Depends on where you are in Alaska. Some of the gravel is very sharp; most not so much. We drove a new Ford Explorer up to Juneau, Alaska in 1993. Had the infamous OEM Firestones.
In Juneau, the problem was the glacier silt used for snow melt was/is extremely corrosive. Ruined bearings and brakes. No problems with the tires until we moved to Kodiak, Alaska in 1996.
Three flats in 2 weeks after arriving in Kodiak. No fun changing tires in the roadside mud while being rained on. Based on local recommendations, switched to 8 ply rating LT tires (8 ply rating was minimum recommendation) with almost an off-road tread. No more flats until the tires wore out over 50K miles (5 years) later, including drive from Homer to San Francisco towing a small boat.

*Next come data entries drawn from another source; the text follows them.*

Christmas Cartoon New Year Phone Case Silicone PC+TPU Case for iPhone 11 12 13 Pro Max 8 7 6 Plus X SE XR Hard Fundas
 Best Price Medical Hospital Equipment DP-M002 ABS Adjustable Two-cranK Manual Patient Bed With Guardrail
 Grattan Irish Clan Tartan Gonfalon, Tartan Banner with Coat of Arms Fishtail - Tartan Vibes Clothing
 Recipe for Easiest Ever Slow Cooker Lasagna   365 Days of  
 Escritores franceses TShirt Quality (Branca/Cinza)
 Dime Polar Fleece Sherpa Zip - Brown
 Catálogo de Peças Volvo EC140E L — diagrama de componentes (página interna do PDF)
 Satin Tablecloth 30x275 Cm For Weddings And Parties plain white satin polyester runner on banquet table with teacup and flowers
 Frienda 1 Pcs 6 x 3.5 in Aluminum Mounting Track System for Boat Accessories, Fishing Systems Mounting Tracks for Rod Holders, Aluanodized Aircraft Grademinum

Boat trailer (came with used tires) had tread fall off one tire in Northern BC (at a campground).
If tires are in good shape - decent amount of tread, and not over-loaded - they do just fine. You are not going to be running at high speeds on Alaska roads - unless you want to break your suspension. Sharp gravel is a concern in a few outlying towns. Again, if tires are in good condition, the damage from gravel is windshields and vehicle front surfaces.
To be honest, frost heaves (creates roller coaster roads) and poorly graded dirt/gravel roads are much more of an issue because you want to get to the next town in the same day. You go faster than you should, and the suspension pays the price.